First of all I am sitting here weeping and weeping.

I am reminded of the rally cries of our inexorably linked "pro-life/free-market" folks and the paradoxical relationship these stories have to that movement.

I am reminded of all the stupid things that I forget and how grateful I am that at the worst times of my life, I did not have a child. This could have happened to me. It could happen to anyone.

My heart breaks for the people who did this and have to live with it.

I feel discomfort about Lyn Balfour's decision to inseminate again and I wonder why I feel that way.

We cannot have it all. That is not meant to be some draconian-sackcloth-and-ashes proclamation. It is simply truth for me. Limits are not always barriers, they have purposes.

Our dualistic society with its either/or rather than both/and outlook creates a lot of monsters.

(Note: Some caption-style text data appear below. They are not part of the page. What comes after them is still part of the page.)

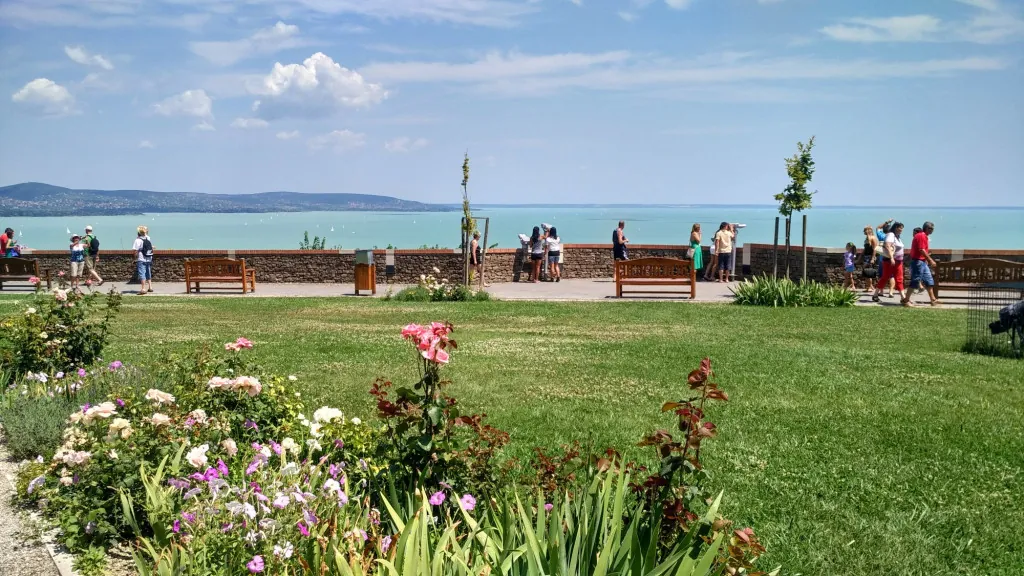 Waarom is het Balatonmeer zo populair in Hongarije?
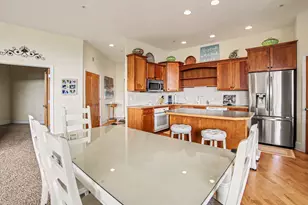 300 S Rath Ave, Ludington, MI 49431 - Photo 8
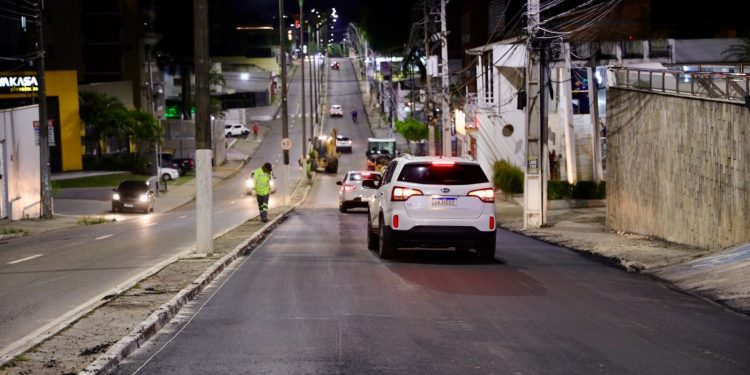 Trecho da avenida Maceió é liberado pela prefeitura após interdição para obras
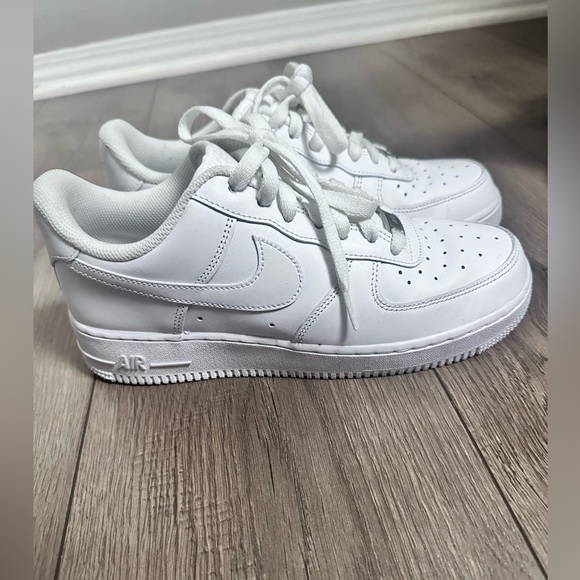 nike air force 1 07 le low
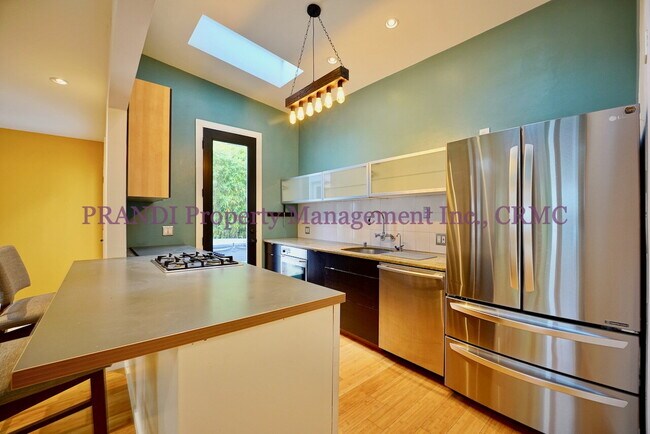 Building Photo - Bright, Stylish Fairfax Home with a Privat...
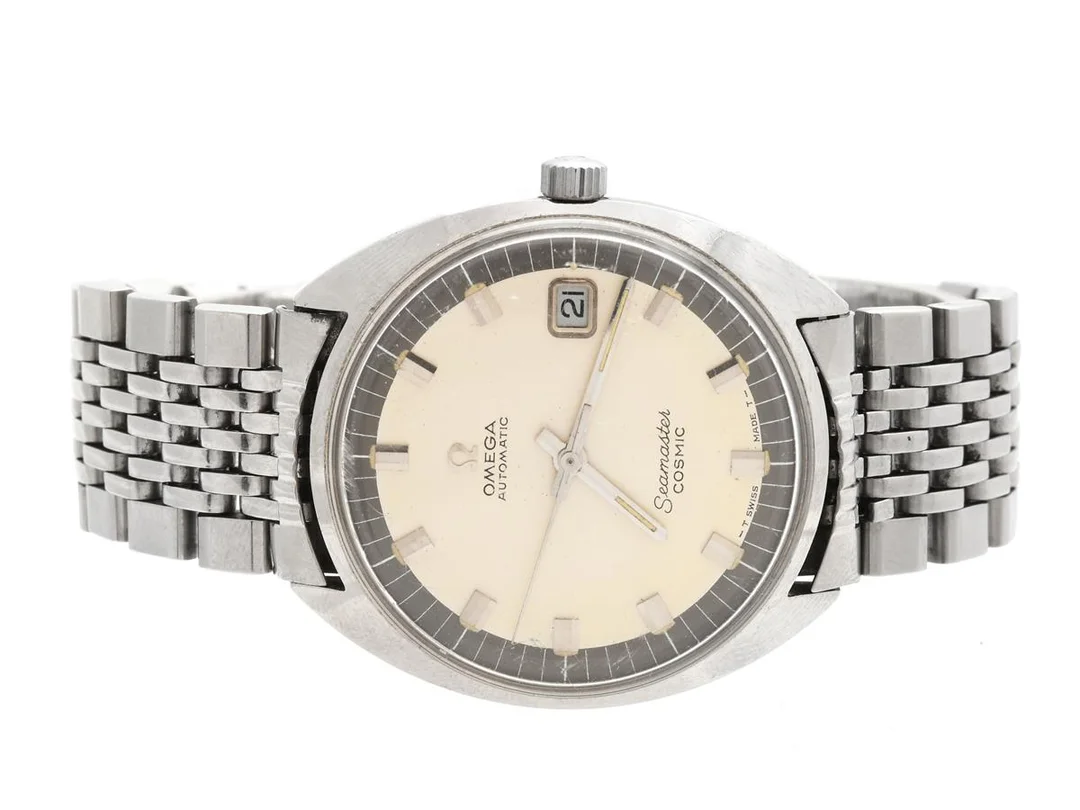 OMEGA, Seamaster, Cosmic (-T Swiss Made T-), Cal 565, Serie nr. 26345250, Ref nr. ST 166.026, Boett nr. 166.026, herrur, 35 mm, stål, manuell, plexiglas, datum, skadad urtavla, originallänk, viklås, Ref nr. 1068/529, ca 1968. — Klockor/Omega — Kaplans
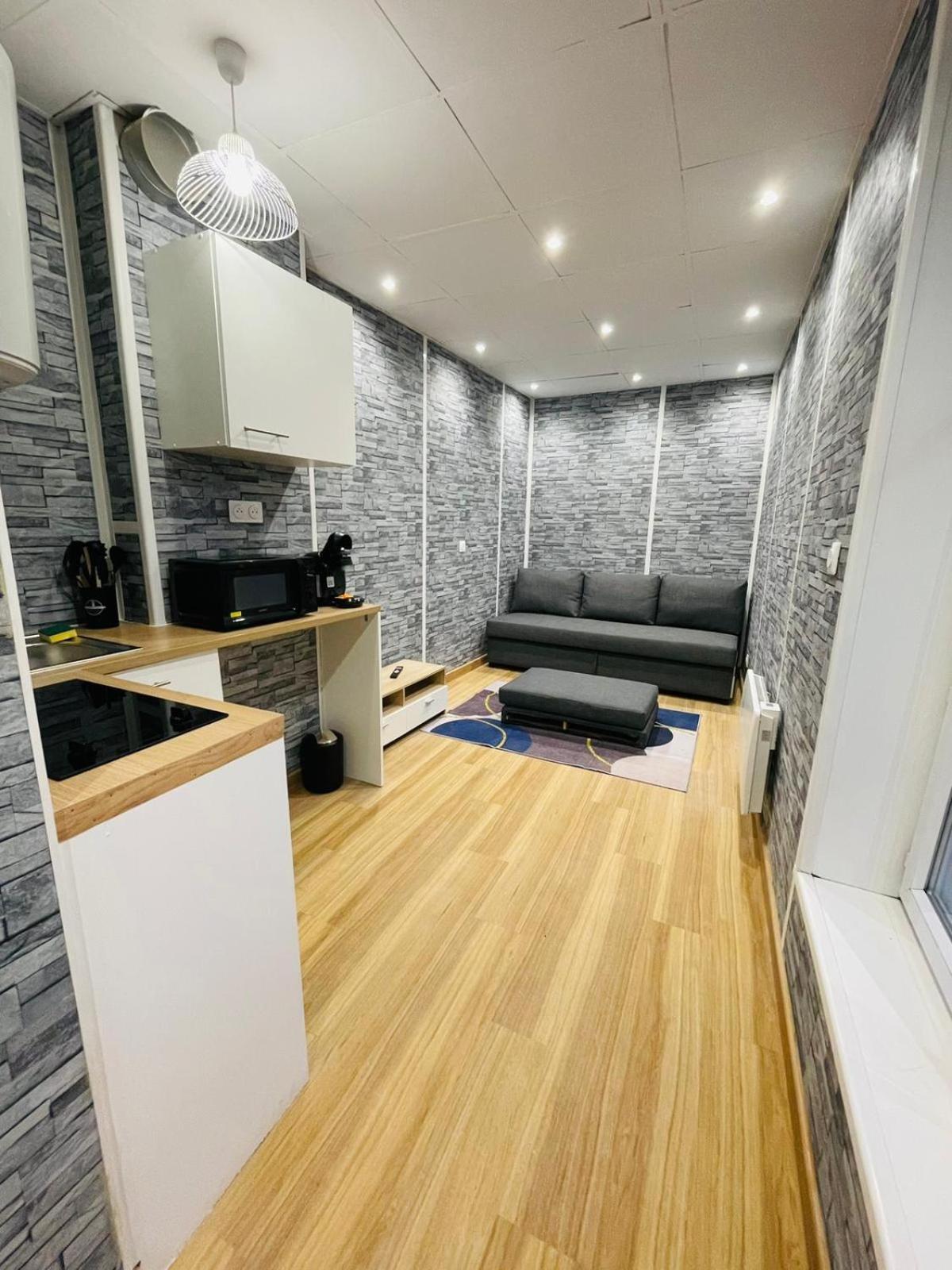 Studio Confortable- Disneyland Paris - Val D Europe - Plein Centre Ville Meaux - 2 Pers Ngoại thất bức ảnh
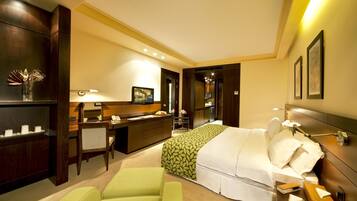 Hypo-allergenic bedding, minibar, in-room safe, desk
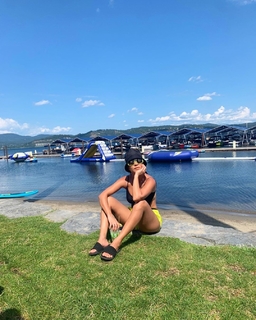 Kourtney Kardashian feet photo thumbnail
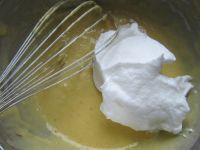 香蕉戚风的做法步骤7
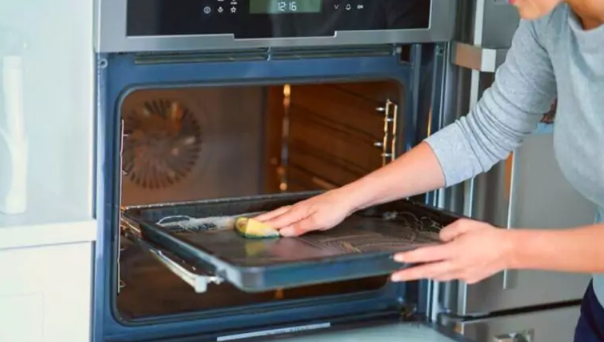 Ši stebuklinga pasta padės greitai ir efektyviai išplauti kepimo skardą!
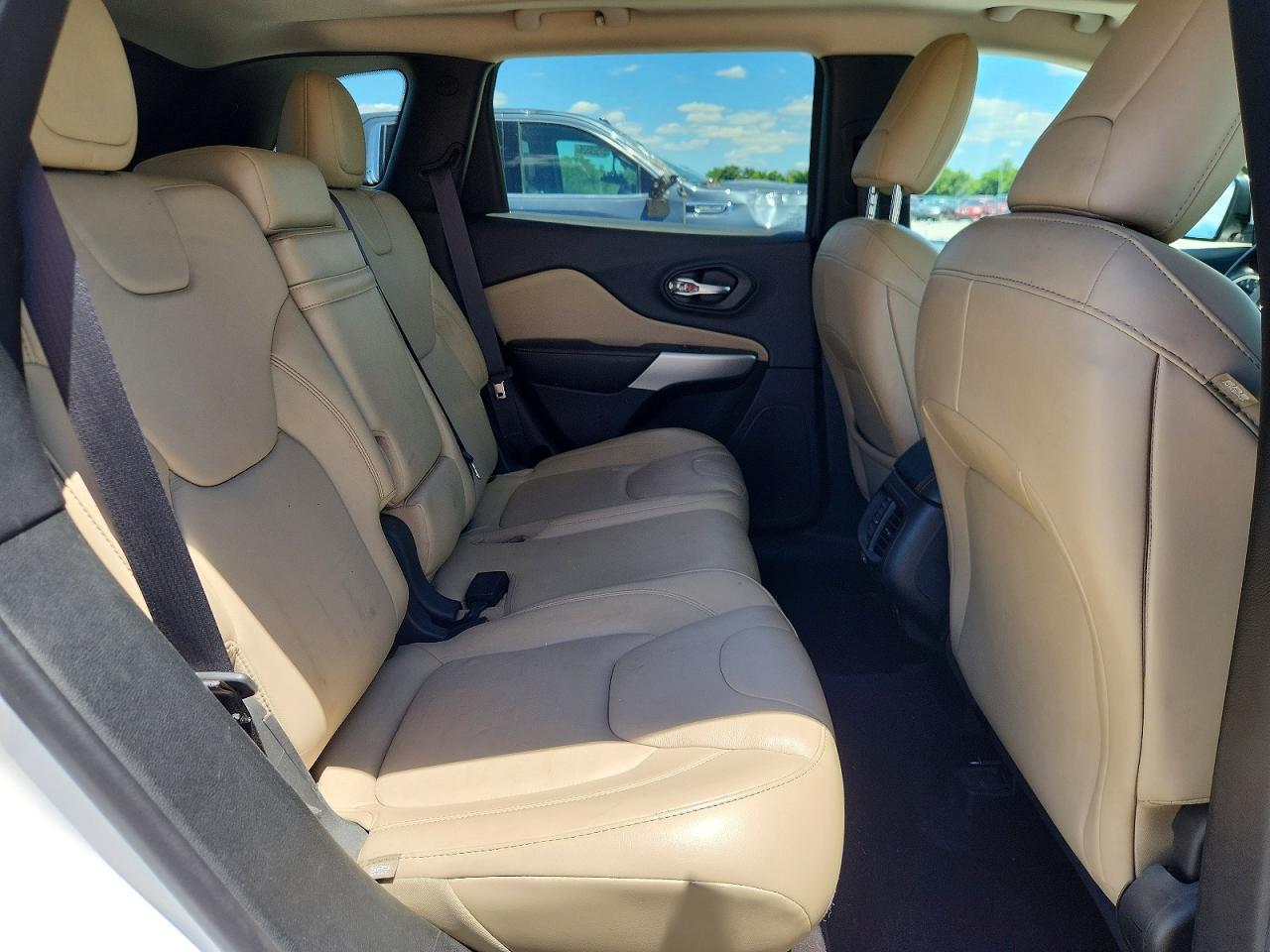 2018 JEEP CHEROKEE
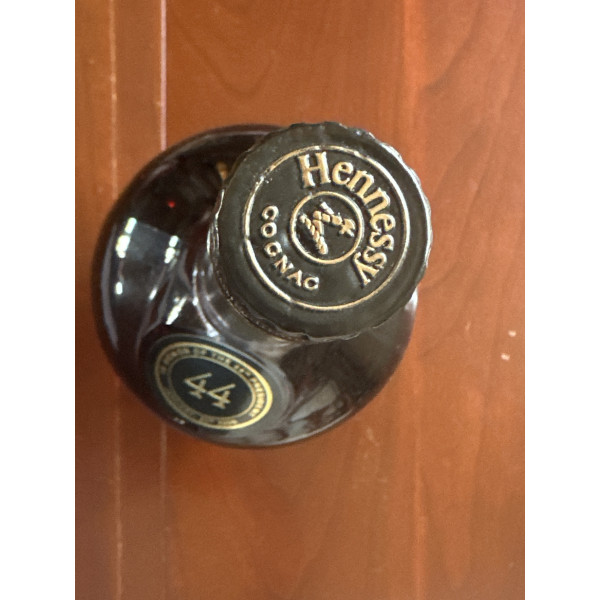 Hennessy Cognac Very Special Limited Edition in Honor of the 44th President.4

Such is the human condition, which is a bitter pill to swallow.

I am sorry if this makes no sense and that I am rambling.

Fran said...

And no- I do not think it should be a crime.

BAC said...

These stories are very disturbing to me, too, Fran. Our lives are so stressed that I can understand how this could happen.

I can't imagine there could be any punishment worse than knowing your actions contributed to the death of your child.